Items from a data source

#####

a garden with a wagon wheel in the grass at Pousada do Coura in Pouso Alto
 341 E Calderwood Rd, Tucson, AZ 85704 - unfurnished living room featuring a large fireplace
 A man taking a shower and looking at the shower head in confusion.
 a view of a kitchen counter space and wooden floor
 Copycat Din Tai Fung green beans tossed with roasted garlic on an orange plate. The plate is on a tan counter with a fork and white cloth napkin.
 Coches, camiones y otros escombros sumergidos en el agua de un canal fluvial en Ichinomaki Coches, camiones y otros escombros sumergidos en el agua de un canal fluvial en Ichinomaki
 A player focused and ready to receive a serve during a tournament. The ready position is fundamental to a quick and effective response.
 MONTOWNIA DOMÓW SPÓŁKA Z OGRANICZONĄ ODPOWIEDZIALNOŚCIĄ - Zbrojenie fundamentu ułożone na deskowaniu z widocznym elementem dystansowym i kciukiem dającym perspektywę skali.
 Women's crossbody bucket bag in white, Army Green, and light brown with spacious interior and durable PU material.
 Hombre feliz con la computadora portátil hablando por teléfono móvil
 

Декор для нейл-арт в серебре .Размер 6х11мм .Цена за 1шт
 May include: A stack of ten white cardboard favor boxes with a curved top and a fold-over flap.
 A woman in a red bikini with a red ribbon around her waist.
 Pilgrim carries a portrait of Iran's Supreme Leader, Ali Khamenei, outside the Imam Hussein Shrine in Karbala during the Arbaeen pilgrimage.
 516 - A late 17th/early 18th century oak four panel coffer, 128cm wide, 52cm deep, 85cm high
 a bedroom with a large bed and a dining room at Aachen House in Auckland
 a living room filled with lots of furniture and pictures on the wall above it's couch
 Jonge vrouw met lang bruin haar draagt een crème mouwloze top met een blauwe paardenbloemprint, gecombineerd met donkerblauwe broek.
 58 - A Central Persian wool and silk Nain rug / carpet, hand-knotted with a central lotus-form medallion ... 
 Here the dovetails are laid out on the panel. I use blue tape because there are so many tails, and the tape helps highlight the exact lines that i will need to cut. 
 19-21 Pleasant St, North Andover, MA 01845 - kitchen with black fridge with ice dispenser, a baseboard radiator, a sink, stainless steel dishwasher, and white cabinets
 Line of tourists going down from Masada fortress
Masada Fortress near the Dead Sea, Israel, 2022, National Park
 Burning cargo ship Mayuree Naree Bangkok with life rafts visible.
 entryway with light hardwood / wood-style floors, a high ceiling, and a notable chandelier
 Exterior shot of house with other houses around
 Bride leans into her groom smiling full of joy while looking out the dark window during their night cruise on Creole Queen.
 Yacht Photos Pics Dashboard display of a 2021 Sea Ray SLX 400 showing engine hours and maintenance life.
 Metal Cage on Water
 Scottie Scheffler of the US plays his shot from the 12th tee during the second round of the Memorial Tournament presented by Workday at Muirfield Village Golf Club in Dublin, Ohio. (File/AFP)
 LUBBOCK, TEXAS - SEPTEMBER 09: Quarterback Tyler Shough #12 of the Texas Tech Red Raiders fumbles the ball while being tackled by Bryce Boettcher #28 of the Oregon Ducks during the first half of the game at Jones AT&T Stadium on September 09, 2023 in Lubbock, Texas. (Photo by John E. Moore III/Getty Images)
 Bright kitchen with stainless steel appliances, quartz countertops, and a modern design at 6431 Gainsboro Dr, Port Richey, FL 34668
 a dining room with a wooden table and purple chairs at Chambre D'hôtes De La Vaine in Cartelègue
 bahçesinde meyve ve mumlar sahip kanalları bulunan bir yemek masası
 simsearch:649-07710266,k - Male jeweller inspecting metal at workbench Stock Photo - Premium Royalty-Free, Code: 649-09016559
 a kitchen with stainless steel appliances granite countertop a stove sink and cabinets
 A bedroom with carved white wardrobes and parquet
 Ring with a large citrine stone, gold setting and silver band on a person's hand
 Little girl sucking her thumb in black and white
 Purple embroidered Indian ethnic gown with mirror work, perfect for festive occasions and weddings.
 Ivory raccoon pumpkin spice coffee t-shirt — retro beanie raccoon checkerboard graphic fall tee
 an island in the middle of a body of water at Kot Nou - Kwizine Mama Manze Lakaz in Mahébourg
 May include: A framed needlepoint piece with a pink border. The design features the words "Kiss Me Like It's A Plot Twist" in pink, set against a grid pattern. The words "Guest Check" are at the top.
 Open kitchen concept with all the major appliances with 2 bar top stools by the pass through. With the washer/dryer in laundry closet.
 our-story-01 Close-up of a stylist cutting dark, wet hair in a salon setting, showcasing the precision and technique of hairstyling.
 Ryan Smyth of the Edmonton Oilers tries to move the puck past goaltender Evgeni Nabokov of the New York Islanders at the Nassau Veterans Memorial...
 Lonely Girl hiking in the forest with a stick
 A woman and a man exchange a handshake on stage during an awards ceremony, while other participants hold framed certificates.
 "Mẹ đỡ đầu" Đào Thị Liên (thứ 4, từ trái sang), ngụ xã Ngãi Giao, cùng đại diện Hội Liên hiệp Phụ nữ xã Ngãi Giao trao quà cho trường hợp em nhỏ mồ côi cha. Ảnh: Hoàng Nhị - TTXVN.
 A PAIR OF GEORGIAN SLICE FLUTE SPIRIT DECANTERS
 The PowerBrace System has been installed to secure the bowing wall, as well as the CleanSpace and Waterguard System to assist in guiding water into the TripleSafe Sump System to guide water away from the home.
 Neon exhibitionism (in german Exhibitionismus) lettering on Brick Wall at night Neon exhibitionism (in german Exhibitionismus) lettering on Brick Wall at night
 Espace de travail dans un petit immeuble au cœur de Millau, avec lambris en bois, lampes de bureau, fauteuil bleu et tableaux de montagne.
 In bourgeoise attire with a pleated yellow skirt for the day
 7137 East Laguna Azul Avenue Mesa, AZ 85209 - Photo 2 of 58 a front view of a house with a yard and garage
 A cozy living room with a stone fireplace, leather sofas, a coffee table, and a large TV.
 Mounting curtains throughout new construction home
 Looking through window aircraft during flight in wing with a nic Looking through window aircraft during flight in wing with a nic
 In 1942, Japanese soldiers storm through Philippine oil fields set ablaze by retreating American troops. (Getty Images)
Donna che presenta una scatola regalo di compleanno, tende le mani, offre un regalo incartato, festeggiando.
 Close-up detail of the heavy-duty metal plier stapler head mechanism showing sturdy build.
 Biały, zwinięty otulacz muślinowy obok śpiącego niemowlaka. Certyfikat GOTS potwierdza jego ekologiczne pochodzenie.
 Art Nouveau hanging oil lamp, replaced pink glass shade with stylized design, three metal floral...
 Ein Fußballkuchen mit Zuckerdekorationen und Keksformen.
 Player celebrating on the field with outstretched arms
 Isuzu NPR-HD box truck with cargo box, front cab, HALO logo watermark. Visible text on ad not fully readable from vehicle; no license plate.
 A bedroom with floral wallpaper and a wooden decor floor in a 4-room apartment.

#####

Work required:
Among the records above, find each line containing the string "setting" and copy it.

Response for this exercise:
 Ring with a large citrine stone, gold setting and silver band on a person's hand
 our-story-01 Close-up of a stylist cutting dark, wet hair in a salon setting, showcasing the precision and technique of hairstyling.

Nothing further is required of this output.